CheXphotogenic: Generalization of Deep Learning Models for Chest X-ray Interpretation to Photos of Chest X-rays

Pranav Rajpurkar,Anirudh Joshi,Anuj Pareek,Jeremy Irvin,Andrew Y. Ng,Matthew Lungren
DOI: https://doi.org/10.48550/arXiv.2011.06129
2020-11-12
Abstract:The use of smartphones to take photographs of chest x-rays represents an appealing solution for scaled deployment of deep learning models for chest x-ray interpretation. However, the performance of chest x-ray algorithms on photos of chest x-rays has not been thoroughly investigated. In this study, we measured the diagnostic performance for 8 different chest x-ray models when applied to photos of chest x-rays. All models were developed by different groups and submitted to the CheXpert challenge, and re-applied to smartphone photos of x-rays in the CheXphoto dataset without further tuning. We found that several models had a drop in performance when applied to photos of chest x-rays, but even with this drop, some models still performed comparably to radiologists. Further investigation could be directed towards understanding how different model training procedures may affect model generalization to photos of chest x-rays.
Image and Video Processing,Computer Vision and Pattern Recognition,Machine Learning
What problem does this paper attempt to address?
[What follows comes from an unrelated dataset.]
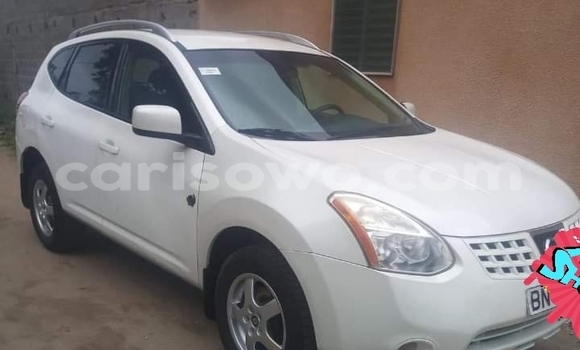 Ra Àlòkù Nissan Rogue funfun Ọkọ̀ in Cotonou ni Benin Ra Àlòkù Nissan Rogue funfun Ọkọ̀ in Cotonou ni Benin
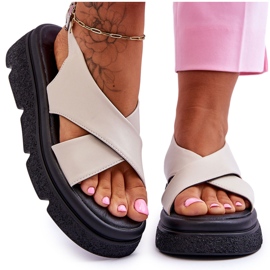PE1 Moderigtige beige Chester Platform-sandaler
The main problems that this paper attempts to solve are to evaluate the diagnostic performance of deep - learning models on chest X - ray photos taken by smart phones and how the generalization ability of these models compares with that of the original digital chest X - rays. Specifically, the researchers are concerned with: 1. **The problem of model performance degradation**: When deep - learning models are applied to chest X - ray photos taken by smart phones, will their performance decline significantly? In the study, 8 different chest X - ray models were used, which were all developed by different research teams and participated in the CheXpert challenge. 2. **Comparison with radiologists**: Even if the performance has declined, can the performance of these models still be comparable to that of radiologists? The study evaluates this by comparing the performance of the models on the photos with the diagnostic results of radiologists. 3. **Differences in performance under different pathological conditions**: The study also explores the specific situation of performance degradation of these models when processing photos under different pathological conditions (such as atelectasis, cardiomegaly, consolidation, edema and pleural effusion). Through the research on these problems, the author hopes to understand the feasibility and limitations of the application of deep - learning models in the actual clinical environment, especially the possibility of using smart phones for medical image transmission and automatic interpretation in areas with limited resources.